_Exercise_
Records follow. Print exactly the lines from the one that has "مراسم وداع با" through the one that has "2016 Chevrolet Cruze", inclusive, and omit the pictures.

_Task inputs_
::::::

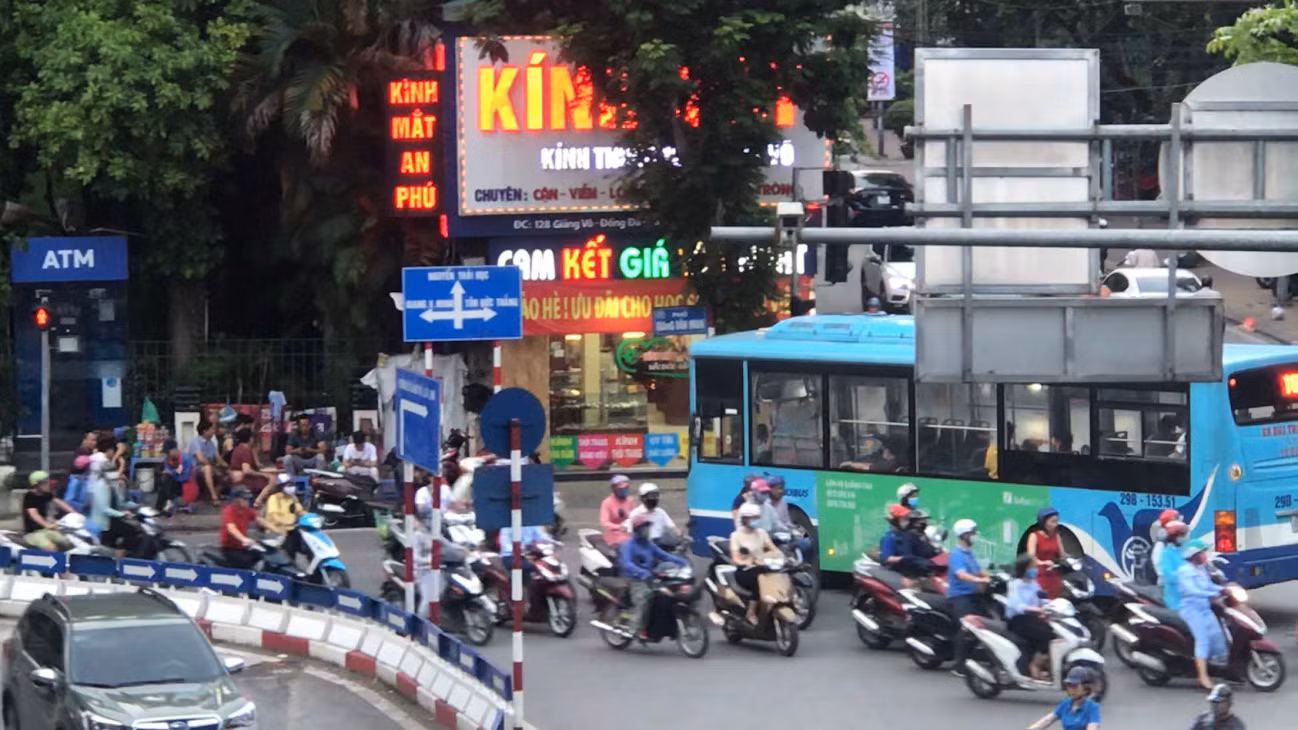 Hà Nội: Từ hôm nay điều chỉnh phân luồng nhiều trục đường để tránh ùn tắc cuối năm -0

::::::

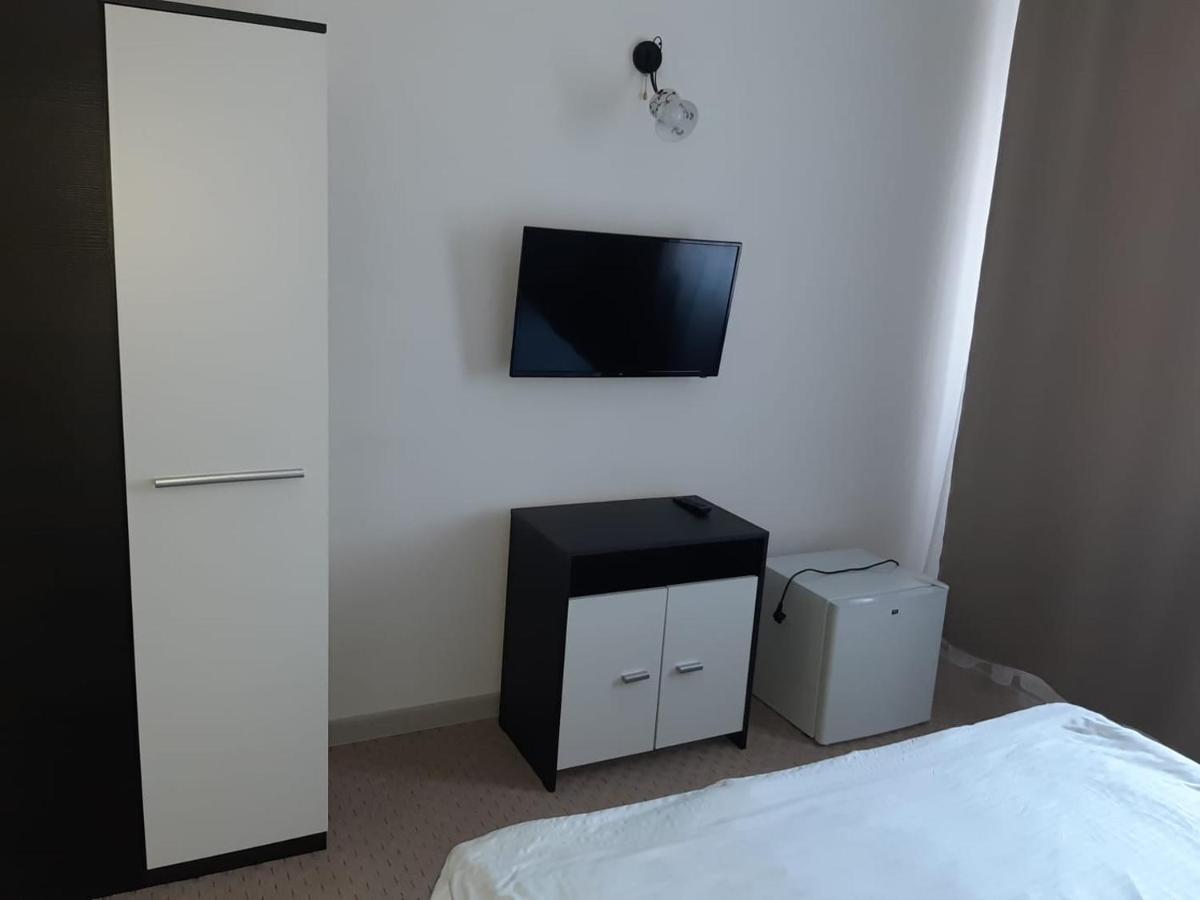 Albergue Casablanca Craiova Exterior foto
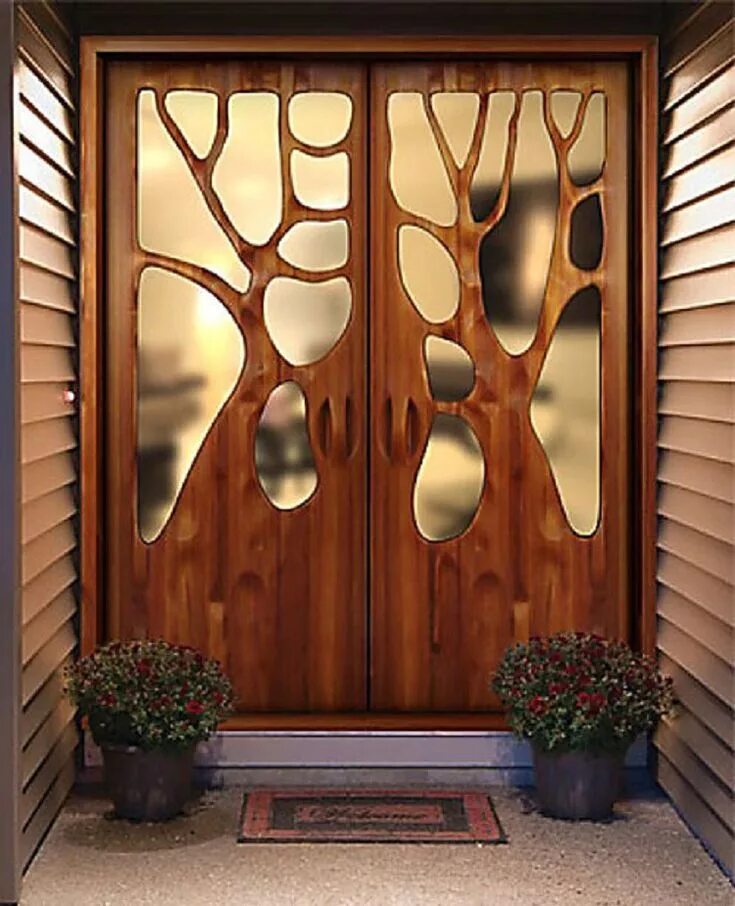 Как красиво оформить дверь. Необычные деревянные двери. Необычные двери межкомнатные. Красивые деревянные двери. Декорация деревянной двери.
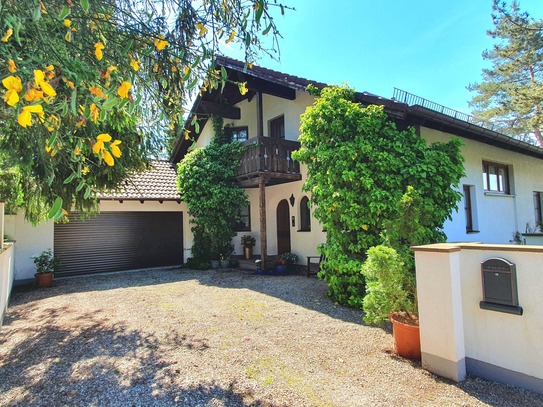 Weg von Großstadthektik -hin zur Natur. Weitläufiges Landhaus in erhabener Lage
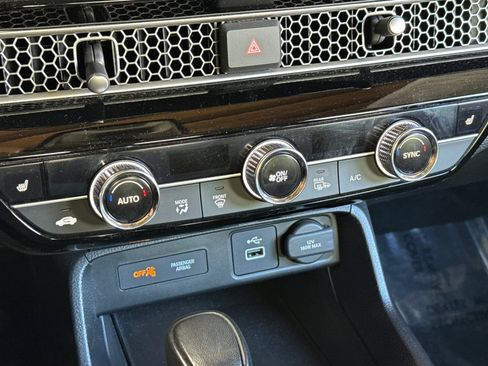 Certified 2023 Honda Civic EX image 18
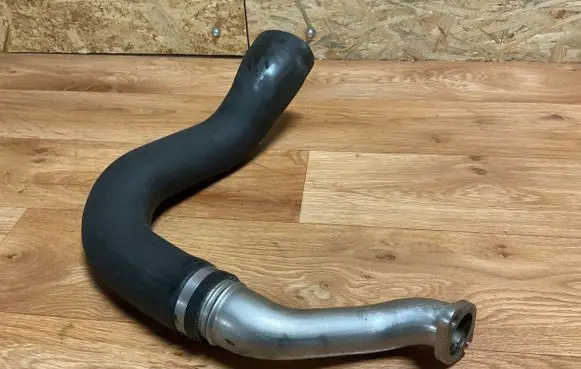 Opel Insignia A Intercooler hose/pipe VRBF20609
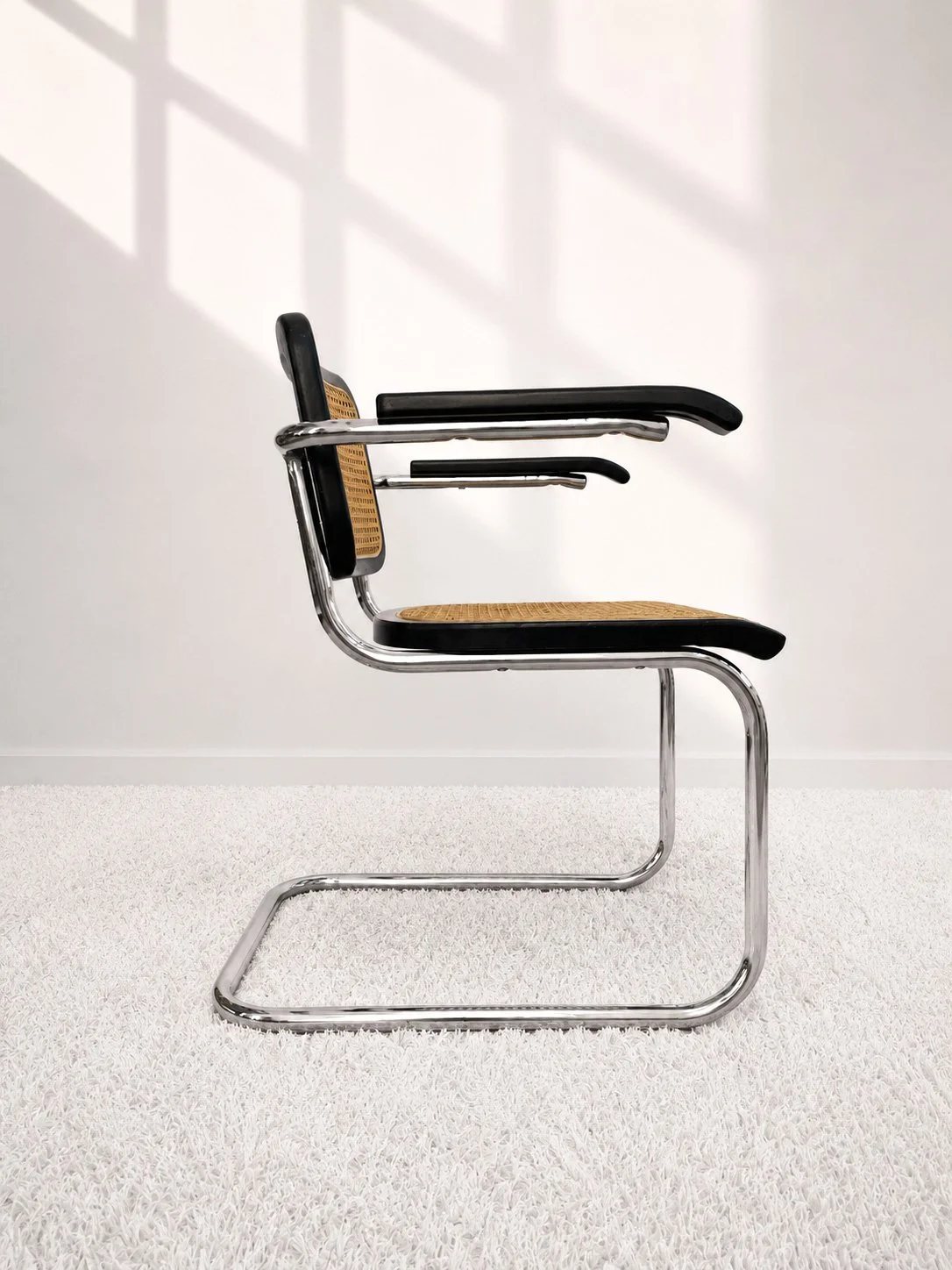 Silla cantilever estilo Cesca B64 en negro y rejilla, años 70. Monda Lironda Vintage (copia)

::::::

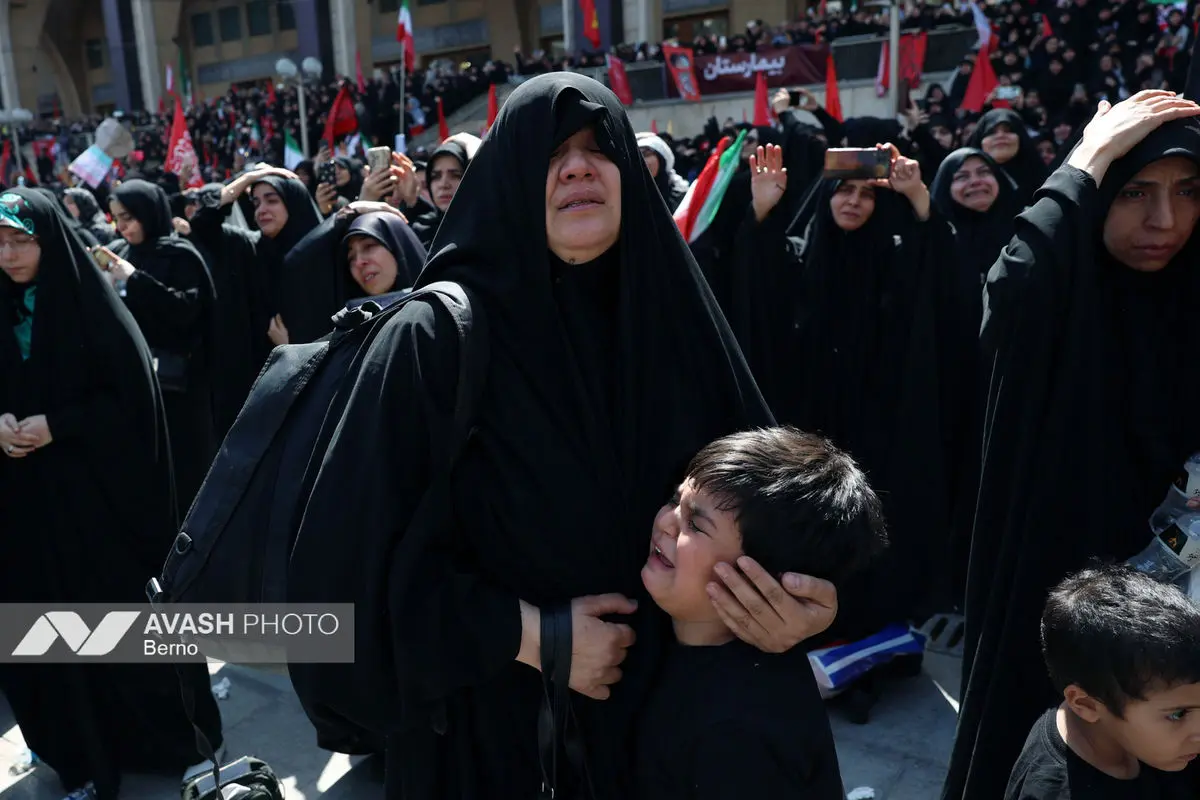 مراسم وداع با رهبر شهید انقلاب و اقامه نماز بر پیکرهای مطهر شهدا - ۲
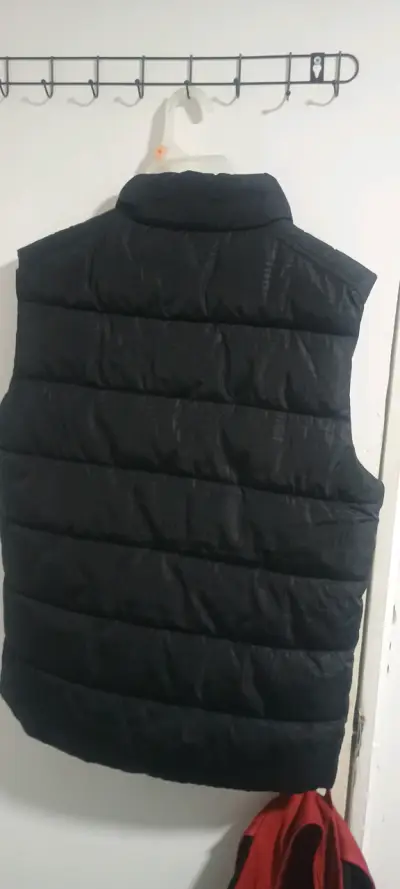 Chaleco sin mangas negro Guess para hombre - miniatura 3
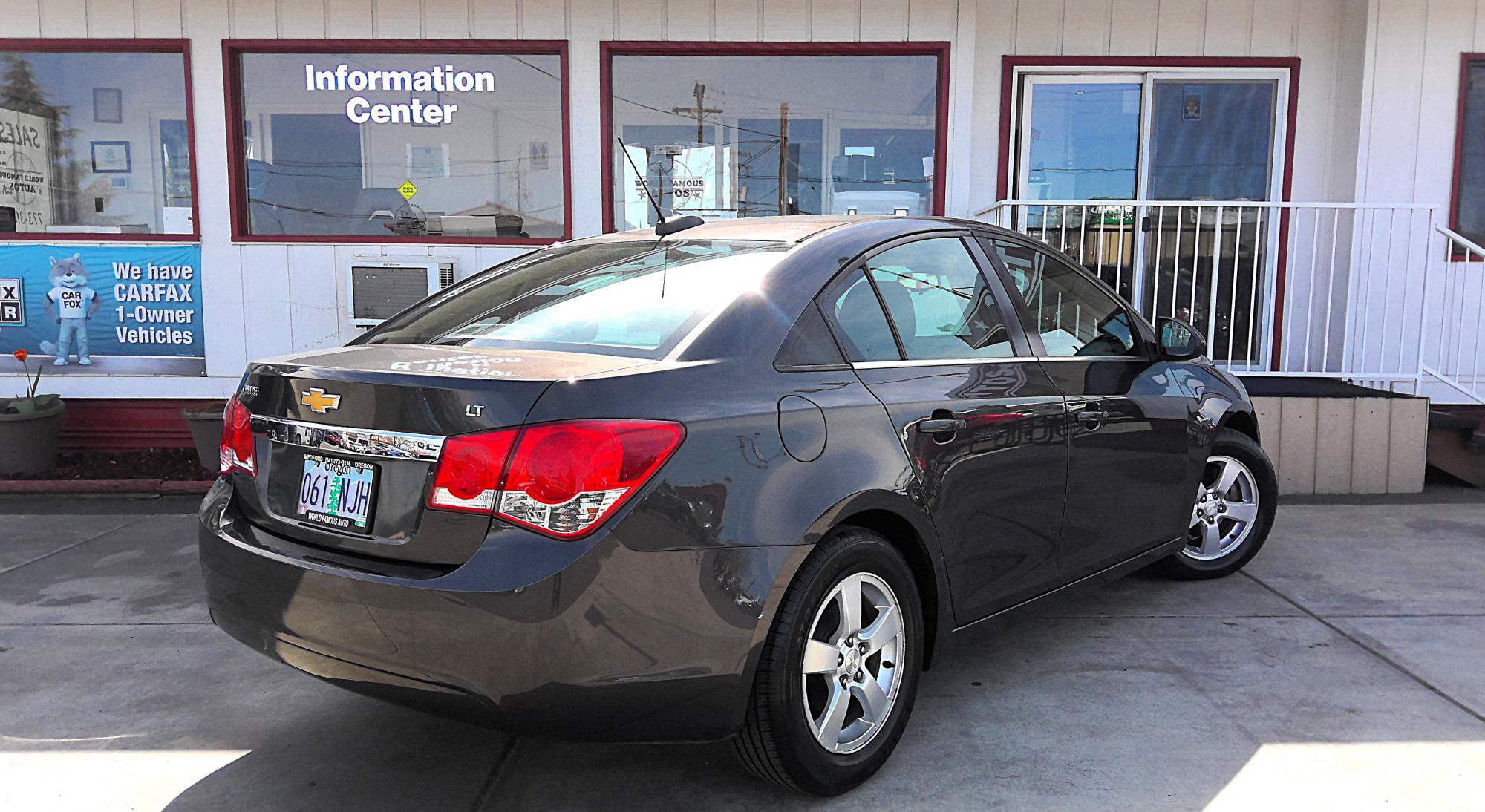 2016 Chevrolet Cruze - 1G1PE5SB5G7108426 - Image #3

::::::

_The answer_
 مراسم وداع با رهبر شهید انقلاب و اقامه نماز بر پیکرهای مطهر شهدا - ۲
 Chaleco sin mangas negro Guess para hombre - miniatura 3
 2016 Chevrolet Cruze - 1G1PE5SB5G7108426 - Image #3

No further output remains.